Un incontro casuale con una dipendente dell’organizzazione umanitaria Save the Children l’ha motivata a impegnarsi per migliorare le condizioni di vita delle donne. Una lotta che si è scontrata però con un apparato statale repressivo, tanto che è stata imprigionata per il suo attivismo. Con il passare degli anni è riuscita però a ottenere quei diritti che spettano a tutte le cittadine e a tutti i cittadini del Bangladesh. E così è riuscita a migliorare, almeno in parte, “la vita misera” delle prostitute.

“Un tempo non potevamo lasciare il bordello; in seguito solo a piedi nudi, così che la gente potesse riconoscerci. Quando volevo andare a parlare con le autorità, mi vietavano di entrare nei loro uffici”, dice Begum. “Oggi, invece, si siedono con me allo stesso tavolo e mi rispettano come interlocutrice”.

Morjina Begum
Le residenti hanno molto per cui ringraziarla: Morjina Begum è una figura centrale nella lotta delle prostitute per ottenere maggiori diritti e accettazion Giannis Mavris / SWI swissinfo.ch

La tratta di esseri umani è un problema fondamentale

Ogni storia di vita a Daulatdia è diversa, ma tutte sono accomunate dalla tratta di esseri umani. Molte donne sono state vendute da mediatori, parenti o mariti e costrette a prostituirsi per saldare il debito imposto dai loro sfruttatori.

È quasi impossibile sfuggire a questo destino. In Bangladesh, le prostitute sono socialmente emarginate e, molto spesso, non possono tornare dalle loro famiglie. Inoltre, le madri single con figli nati fuori dal matrimonio hanno poche altre possibilità per mantenersi in un Paese poverissimo. E così, per mancanza di alternative, rimangono a Daulatdia con le loro figlie e i loro figli. 
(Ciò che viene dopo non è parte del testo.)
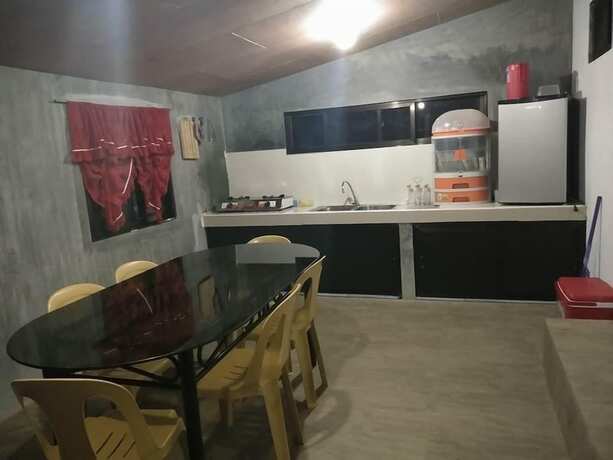 Imagen de los interiores del Hotel Clemente's Garden and Resort. Foto 19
“Crescono in un ambiente fatto di violenza. Non è un posto per bambine e bambini”, dice Jiniya Afroze, la responsabile di programma di Terre des Hommes. Uno dei problemi principali è l’abbandono scolastico dopo le classi elementari a Daulatdia. È una realtà diffusa in tutto il Bangladesh a causa dei matrimoni precoci e del lavoro minorile. Tuttavia, nel più grande bordello del Paese, questo significa che le figlie seguano le orme delle madri. “Il nostro obiettivo è interrompere il ciclo intergenerazionale dello sfruttamento sessuale”, dice Afroze.
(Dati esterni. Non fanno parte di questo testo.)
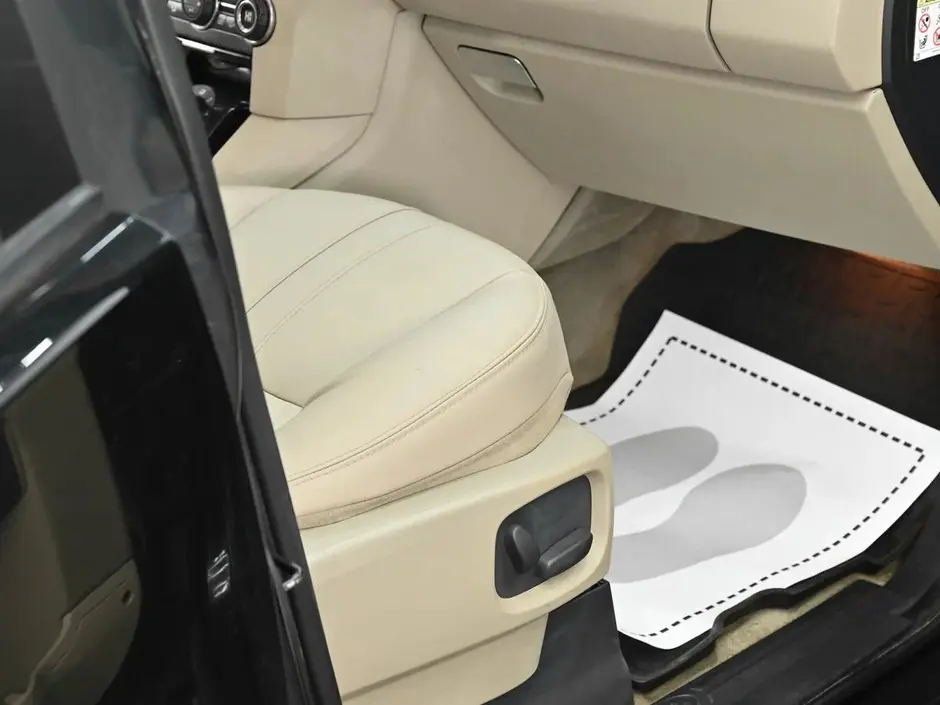 Land Rover Discovery, 2010 г.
Ci sono vie d'uscita da Daulatdia. Ma ci sono molti ostacoli da superare
Ci sono vie d’uscita da Daulatdia. Ma ci sono molti ostacoli da superare. Giannis Mavris / SWI swissinfo.ch

I bambini devono andare a scuola e proseguire gli studi: questo è l’obiettivo principale delle organizzazioni attive sul campo. Inoltre, con le istituzioni locali si combatte la tratta di esseri umani e si lavora per migliorare la protezione dei minori, un intento ostacolato da strutture criminali ramificate e potenti. “Esistono programmi di assistenza statali per le vittime”, afferma Afroze. Molte donne che lavorano nel bordello, però, non le conoscono o non vi ricorrono: servono azioni di sensibilizzazione ed educazione.

Le organizzazioni sostengono le prostitute con aiuti finanziari una tantum e senza condizioni. Alcune donne riescono così ad acquistare un pezzo di terreno o ad aprire un piccolo negozio, ciò che permette loro di generare un reddito alternativo. “Ma i fondi a disposizione sono limitati”, ricorda Afroze.
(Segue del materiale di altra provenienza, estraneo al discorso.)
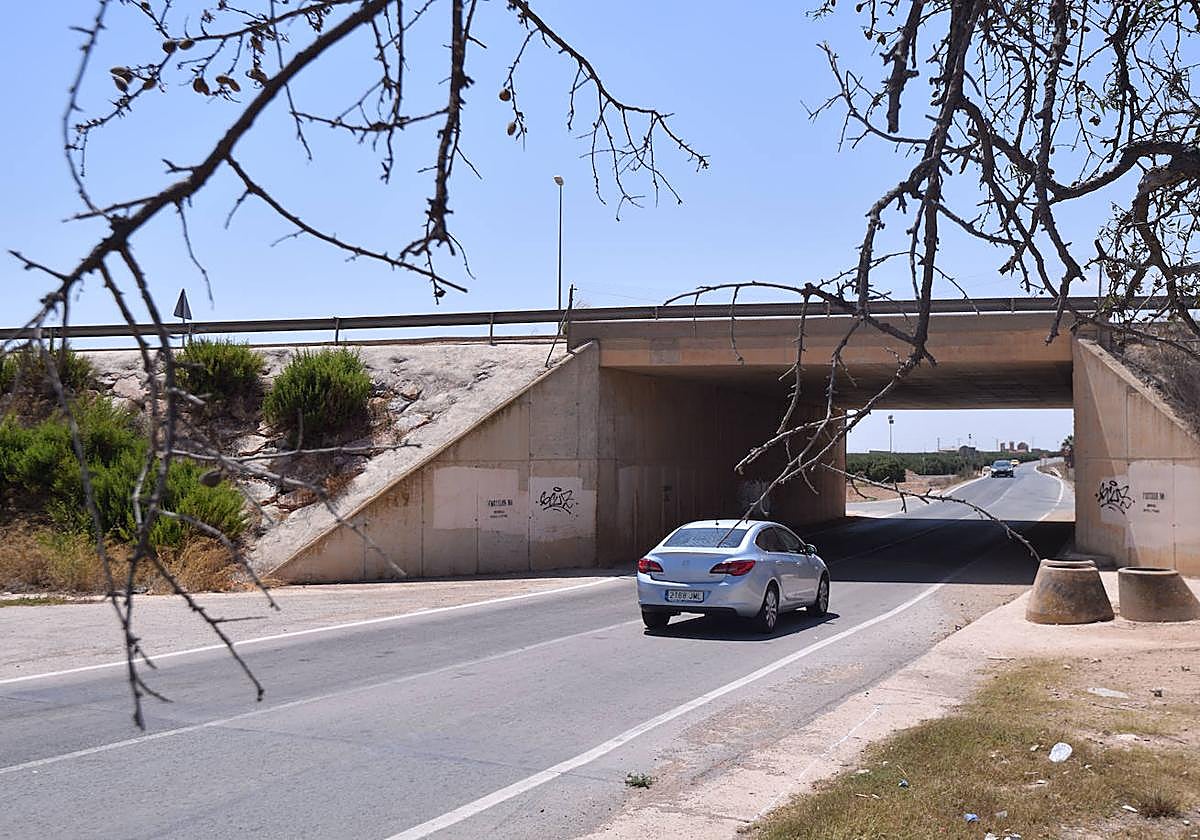 Unos vehículos circulan ayer por la carretera de Pozo Aledo a Dolores de Pacheco, junto al lugar donde se produjo el accidente mortal.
Vent’anni fa, Morjina Begum è riuscita a lasciare il bordello per dedicarsi all’attivismo. Vive vicino a Daulatdia e continua a occuparsi delle prostitute e delle loro figlie e dei loro figli. È il suo progetto di vita che ha permesso a 700 bambine e bambini di proseguire la loro formazione scolastica, un risultato importante per la sua organizzazione, di cui è molto fiera.

Il suo prossimo obiettivo è offrire ai giovani un futuro lontano dalla realtà del bordello: “Vivono in condizioni di precarietà e spesso finiscono nel mondo della droga o della criminalità. Nessuno si prende cura di loro”.